WHAT IS REQUIRED
Search the data for "Volkswagen". Each line containing it is to be copied.

___ DATA FOR REVIEW ___

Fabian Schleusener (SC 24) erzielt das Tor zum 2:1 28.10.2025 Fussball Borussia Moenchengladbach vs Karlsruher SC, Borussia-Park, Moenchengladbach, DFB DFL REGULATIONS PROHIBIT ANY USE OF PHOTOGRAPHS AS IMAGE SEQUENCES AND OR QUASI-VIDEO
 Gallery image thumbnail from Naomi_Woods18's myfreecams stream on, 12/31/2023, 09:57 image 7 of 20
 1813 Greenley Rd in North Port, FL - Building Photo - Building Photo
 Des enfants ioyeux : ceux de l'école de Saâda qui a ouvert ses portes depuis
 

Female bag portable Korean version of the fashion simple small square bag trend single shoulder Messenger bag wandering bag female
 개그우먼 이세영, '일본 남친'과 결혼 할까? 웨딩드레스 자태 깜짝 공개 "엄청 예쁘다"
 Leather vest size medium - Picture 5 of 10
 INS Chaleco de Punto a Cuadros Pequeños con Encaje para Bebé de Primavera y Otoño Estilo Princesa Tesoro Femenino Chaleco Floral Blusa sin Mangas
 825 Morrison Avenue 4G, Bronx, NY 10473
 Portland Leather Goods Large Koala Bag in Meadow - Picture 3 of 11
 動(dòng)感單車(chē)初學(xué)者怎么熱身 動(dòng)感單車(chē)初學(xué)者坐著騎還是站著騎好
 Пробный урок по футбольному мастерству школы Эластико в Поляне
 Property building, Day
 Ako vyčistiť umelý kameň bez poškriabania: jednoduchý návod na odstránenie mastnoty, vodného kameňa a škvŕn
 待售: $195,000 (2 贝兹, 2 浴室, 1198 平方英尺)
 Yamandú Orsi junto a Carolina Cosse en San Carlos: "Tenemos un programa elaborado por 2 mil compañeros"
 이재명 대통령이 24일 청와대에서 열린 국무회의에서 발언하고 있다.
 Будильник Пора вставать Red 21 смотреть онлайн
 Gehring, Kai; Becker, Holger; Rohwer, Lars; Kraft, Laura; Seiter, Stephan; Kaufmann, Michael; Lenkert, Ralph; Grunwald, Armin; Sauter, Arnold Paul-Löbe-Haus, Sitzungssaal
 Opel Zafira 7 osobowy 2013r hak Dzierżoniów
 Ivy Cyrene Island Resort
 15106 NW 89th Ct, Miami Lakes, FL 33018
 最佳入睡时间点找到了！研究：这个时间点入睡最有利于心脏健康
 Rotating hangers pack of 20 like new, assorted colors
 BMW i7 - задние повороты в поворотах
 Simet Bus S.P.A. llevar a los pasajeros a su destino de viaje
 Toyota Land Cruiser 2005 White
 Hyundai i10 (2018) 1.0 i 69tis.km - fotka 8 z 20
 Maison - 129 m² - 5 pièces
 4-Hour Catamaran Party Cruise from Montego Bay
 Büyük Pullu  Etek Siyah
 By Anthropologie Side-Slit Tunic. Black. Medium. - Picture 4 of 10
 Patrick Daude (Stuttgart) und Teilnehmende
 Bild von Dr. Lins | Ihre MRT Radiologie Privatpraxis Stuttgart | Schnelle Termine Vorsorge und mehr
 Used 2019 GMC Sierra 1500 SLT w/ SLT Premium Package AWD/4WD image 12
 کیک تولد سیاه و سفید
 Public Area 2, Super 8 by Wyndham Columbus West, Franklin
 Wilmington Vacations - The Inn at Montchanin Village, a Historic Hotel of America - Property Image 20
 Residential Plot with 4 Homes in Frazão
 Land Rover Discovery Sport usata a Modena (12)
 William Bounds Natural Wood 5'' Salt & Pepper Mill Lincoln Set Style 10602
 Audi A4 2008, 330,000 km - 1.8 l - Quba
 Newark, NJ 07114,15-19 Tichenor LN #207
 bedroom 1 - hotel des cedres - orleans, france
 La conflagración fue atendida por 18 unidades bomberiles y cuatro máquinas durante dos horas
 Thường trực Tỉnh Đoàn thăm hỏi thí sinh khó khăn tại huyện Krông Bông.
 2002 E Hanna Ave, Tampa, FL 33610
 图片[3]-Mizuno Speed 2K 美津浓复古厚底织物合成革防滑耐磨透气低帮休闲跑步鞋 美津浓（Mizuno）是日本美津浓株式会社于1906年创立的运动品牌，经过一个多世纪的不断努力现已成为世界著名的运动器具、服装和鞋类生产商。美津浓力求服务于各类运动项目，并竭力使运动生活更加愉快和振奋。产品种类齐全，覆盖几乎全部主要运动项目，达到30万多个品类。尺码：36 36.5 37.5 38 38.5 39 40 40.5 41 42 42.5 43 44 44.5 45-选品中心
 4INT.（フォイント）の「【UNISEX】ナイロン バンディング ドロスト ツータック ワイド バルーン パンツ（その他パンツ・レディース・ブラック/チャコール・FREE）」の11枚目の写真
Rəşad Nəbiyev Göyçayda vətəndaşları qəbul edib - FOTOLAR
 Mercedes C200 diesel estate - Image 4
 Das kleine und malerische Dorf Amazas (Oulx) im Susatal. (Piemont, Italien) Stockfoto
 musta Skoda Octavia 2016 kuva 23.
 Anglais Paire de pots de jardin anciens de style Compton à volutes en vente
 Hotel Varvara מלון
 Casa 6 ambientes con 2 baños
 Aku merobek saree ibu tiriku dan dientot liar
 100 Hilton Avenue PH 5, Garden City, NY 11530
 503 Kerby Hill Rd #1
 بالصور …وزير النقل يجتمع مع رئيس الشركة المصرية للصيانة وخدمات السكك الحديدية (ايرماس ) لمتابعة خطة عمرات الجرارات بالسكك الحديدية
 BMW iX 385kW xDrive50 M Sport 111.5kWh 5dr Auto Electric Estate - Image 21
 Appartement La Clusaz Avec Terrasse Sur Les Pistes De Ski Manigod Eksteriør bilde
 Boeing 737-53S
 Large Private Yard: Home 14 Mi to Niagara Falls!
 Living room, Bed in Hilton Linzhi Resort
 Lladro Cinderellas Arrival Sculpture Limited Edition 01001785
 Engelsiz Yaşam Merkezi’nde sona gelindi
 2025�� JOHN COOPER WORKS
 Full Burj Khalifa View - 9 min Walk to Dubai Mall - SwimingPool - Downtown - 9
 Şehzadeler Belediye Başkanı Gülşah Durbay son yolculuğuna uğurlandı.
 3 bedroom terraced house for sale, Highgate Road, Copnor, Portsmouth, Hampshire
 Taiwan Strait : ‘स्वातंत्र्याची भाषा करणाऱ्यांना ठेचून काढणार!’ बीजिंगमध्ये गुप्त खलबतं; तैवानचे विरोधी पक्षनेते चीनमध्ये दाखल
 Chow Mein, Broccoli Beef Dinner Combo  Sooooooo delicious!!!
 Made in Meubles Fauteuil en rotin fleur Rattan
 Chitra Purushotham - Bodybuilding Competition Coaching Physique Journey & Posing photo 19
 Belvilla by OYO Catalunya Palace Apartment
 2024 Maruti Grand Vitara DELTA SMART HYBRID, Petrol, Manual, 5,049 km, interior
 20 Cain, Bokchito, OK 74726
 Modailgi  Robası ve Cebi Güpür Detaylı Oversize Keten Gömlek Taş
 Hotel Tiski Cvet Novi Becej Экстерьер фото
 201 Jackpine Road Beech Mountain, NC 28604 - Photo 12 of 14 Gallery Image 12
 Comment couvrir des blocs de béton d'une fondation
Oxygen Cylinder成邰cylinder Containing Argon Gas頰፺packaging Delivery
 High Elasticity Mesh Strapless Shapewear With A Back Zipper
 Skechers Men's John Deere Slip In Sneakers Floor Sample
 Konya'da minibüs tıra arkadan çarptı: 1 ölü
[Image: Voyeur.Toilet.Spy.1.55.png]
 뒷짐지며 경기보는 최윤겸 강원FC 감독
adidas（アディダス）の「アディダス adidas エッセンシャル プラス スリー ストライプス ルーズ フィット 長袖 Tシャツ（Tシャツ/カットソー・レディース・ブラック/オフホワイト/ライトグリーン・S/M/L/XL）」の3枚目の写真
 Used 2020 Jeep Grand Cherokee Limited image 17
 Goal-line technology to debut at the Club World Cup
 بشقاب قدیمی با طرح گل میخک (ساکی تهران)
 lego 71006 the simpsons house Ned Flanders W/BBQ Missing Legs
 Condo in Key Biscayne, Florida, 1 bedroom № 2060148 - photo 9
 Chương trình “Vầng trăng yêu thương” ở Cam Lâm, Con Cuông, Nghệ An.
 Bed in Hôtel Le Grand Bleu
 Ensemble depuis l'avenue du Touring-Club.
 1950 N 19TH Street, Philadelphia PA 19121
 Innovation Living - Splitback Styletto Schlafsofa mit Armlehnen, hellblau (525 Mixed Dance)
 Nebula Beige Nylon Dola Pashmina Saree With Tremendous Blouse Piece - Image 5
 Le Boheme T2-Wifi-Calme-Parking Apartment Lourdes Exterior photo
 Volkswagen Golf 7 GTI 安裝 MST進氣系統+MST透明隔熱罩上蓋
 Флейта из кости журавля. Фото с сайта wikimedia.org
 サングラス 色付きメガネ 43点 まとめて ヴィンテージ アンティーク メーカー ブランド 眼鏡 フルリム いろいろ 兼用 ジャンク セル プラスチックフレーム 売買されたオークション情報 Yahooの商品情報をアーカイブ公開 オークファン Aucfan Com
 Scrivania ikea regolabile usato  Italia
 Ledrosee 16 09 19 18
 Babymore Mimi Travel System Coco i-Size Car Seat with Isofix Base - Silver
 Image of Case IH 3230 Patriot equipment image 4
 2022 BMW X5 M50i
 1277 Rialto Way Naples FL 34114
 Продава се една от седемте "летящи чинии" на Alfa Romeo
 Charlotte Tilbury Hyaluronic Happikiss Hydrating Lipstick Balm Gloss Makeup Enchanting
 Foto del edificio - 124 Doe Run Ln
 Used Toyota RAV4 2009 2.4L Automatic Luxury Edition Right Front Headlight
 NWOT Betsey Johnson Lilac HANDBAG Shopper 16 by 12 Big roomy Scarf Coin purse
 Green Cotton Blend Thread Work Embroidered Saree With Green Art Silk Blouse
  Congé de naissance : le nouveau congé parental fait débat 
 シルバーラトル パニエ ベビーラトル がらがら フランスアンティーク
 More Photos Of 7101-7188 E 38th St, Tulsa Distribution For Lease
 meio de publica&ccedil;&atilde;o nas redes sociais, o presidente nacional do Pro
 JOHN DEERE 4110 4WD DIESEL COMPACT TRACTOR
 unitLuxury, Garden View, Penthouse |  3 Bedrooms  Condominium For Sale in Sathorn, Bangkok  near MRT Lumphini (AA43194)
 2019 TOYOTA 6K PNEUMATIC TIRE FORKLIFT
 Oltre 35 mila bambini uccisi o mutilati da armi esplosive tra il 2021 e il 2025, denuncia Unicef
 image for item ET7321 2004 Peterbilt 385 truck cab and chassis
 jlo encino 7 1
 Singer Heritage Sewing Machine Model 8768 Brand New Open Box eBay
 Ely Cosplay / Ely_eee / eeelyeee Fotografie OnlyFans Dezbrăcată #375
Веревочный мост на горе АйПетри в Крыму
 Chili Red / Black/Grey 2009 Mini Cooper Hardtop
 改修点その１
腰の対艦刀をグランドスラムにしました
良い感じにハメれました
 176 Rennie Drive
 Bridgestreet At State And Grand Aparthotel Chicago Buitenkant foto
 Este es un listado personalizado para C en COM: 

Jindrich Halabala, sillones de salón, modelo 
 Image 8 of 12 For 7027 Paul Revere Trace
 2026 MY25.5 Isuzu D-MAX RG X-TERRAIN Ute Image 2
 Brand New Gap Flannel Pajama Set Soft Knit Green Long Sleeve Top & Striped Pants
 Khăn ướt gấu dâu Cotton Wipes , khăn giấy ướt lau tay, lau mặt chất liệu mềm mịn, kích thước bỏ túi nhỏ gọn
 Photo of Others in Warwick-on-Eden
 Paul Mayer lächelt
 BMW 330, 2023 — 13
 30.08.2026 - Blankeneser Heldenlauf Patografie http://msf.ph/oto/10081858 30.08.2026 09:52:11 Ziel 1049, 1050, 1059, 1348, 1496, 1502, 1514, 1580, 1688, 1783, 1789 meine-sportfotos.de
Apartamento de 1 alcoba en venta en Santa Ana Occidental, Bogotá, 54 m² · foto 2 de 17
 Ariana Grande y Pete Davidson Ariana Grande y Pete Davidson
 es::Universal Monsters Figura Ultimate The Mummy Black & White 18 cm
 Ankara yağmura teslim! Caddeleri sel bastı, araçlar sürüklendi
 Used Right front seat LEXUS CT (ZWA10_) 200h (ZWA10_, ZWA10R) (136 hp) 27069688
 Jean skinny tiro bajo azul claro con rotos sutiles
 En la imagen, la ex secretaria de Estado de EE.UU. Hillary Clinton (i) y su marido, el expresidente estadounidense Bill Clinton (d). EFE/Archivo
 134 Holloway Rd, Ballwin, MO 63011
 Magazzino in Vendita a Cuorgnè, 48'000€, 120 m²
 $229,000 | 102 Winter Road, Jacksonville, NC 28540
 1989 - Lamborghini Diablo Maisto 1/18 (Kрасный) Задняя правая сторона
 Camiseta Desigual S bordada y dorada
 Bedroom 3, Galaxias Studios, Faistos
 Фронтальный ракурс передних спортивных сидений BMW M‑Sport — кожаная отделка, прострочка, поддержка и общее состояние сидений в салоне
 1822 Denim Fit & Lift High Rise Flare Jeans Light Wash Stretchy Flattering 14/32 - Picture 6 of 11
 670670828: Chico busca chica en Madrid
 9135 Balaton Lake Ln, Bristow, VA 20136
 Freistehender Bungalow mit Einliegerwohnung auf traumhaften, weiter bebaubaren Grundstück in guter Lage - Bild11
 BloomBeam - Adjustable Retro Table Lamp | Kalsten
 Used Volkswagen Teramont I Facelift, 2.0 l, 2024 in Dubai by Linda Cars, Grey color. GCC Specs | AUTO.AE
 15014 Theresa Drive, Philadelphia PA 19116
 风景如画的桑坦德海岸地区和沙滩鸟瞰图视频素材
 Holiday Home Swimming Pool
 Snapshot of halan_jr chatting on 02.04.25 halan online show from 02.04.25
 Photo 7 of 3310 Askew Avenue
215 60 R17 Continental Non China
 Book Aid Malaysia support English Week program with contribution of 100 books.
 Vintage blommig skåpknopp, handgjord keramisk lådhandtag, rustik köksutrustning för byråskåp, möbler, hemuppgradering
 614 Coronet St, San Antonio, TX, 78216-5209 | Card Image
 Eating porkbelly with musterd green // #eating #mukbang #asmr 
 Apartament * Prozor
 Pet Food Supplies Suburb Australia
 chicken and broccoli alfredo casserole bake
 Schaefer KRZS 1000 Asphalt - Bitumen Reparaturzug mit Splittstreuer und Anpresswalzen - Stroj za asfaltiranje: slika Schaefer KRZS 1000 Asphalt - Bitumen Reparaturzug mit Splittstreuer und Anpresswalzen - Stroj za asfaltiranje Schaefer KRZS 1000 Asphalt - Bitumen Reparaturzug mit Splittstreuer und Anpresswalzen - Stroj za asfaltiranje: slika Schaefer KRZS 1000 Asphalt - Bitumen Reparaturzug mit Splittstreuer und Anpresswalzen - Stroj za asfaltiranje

___

ANSWER TO THIS TASK
 Volkswagen Golf 7 GTI 安裝 MST進氣系統+MST透明隔熱罩上蓋
 Used Volkswagen Teramont I Facelift, 2.0 l, 2024 in Dubai by Linda Cars, Grey color. GCC Specs | AUTO.AE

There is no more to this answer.